▶ **Work required**: Since the copy must hold text only, transcribe the data below exactly and omit the images.

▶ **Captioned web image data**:
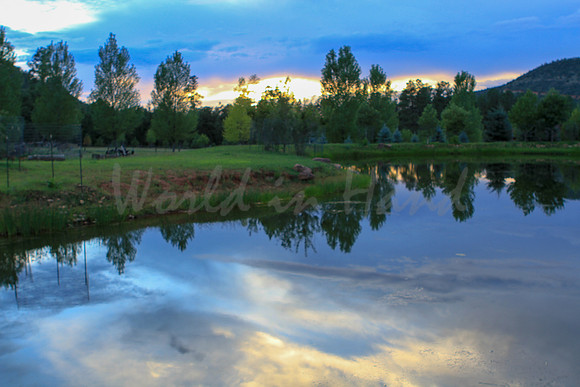Water Reflection Theme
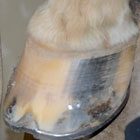 What's Your Laminitis IQ? promo image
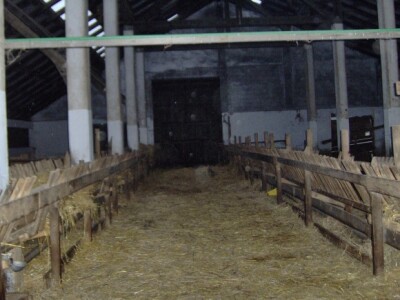 U praznoj farmi U praznoj farmi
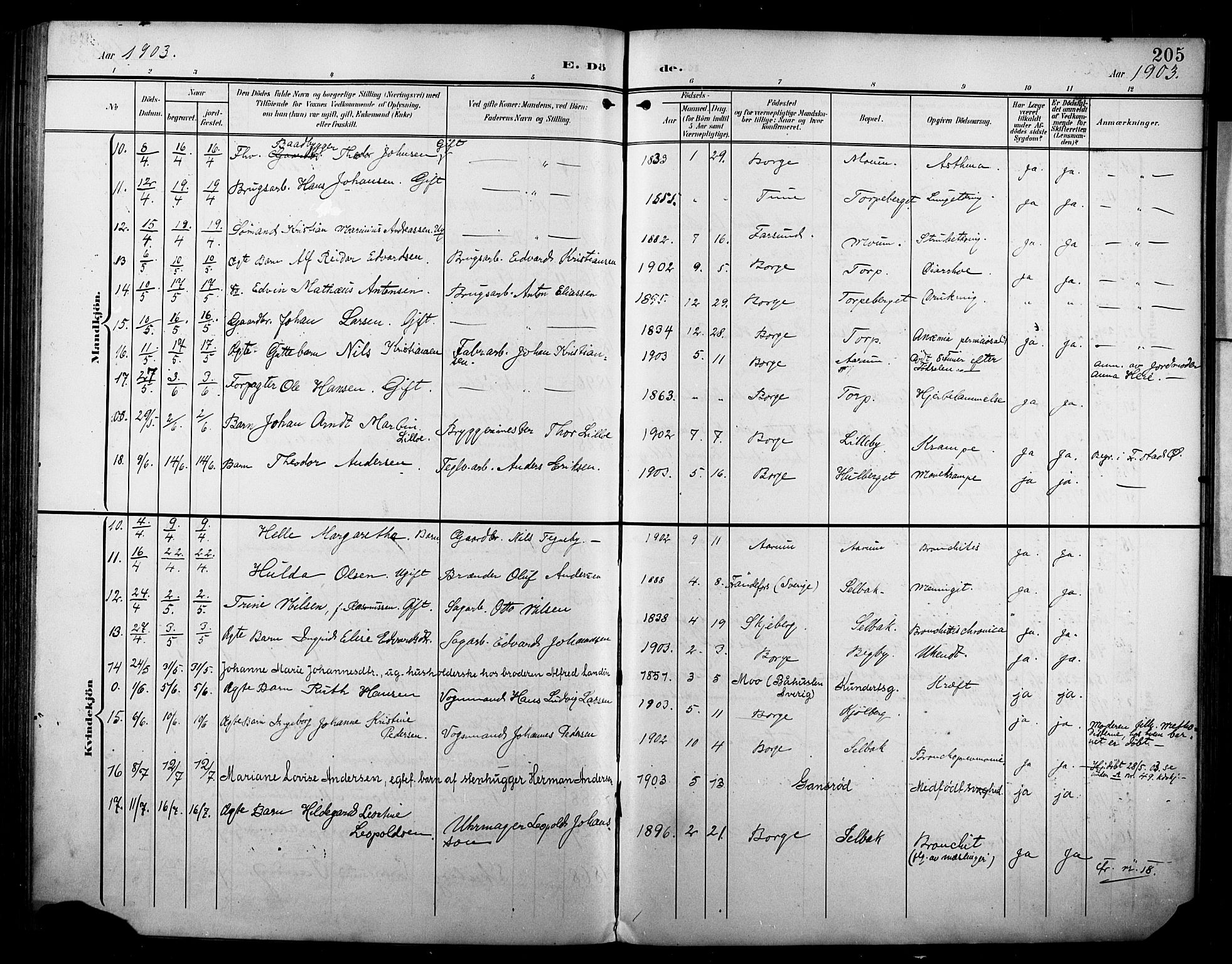 Borge prestekontor Kirkebøker, AV/SAO-A-10903/F/Fa/L0009: Parish register (official) no. I 9, 1902-1911, p. 205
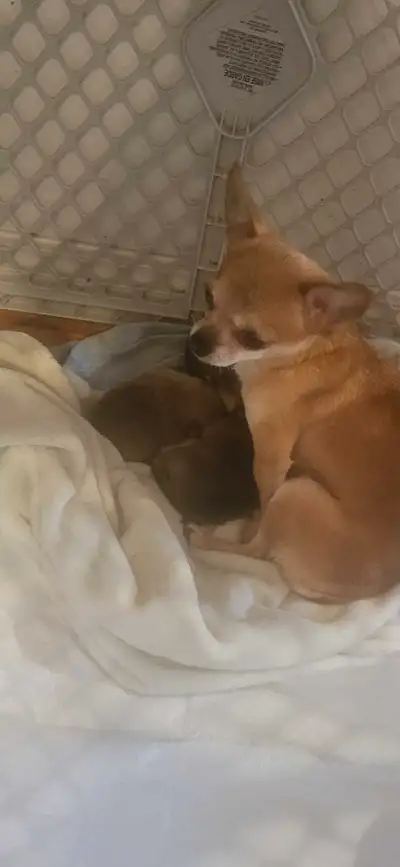 I have 3 pom chi pups ready for their forever families july 23 .....2 females 1 male .....they will...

▶ **Answer space**:
Water Reflection Theme
 What's Your Laminitis IQ? promo image
 U praznoj farmi U praznoj farmi
 Borge prestekontor Kirkebøker, AV/SAO-A-10903/F/Fa/L0009: Parish register (official) no. I 9, 1902-1911, p. 205
 I have 3 pom chi pups ready for their forever families july 23 .....2 females 1 male .....they will...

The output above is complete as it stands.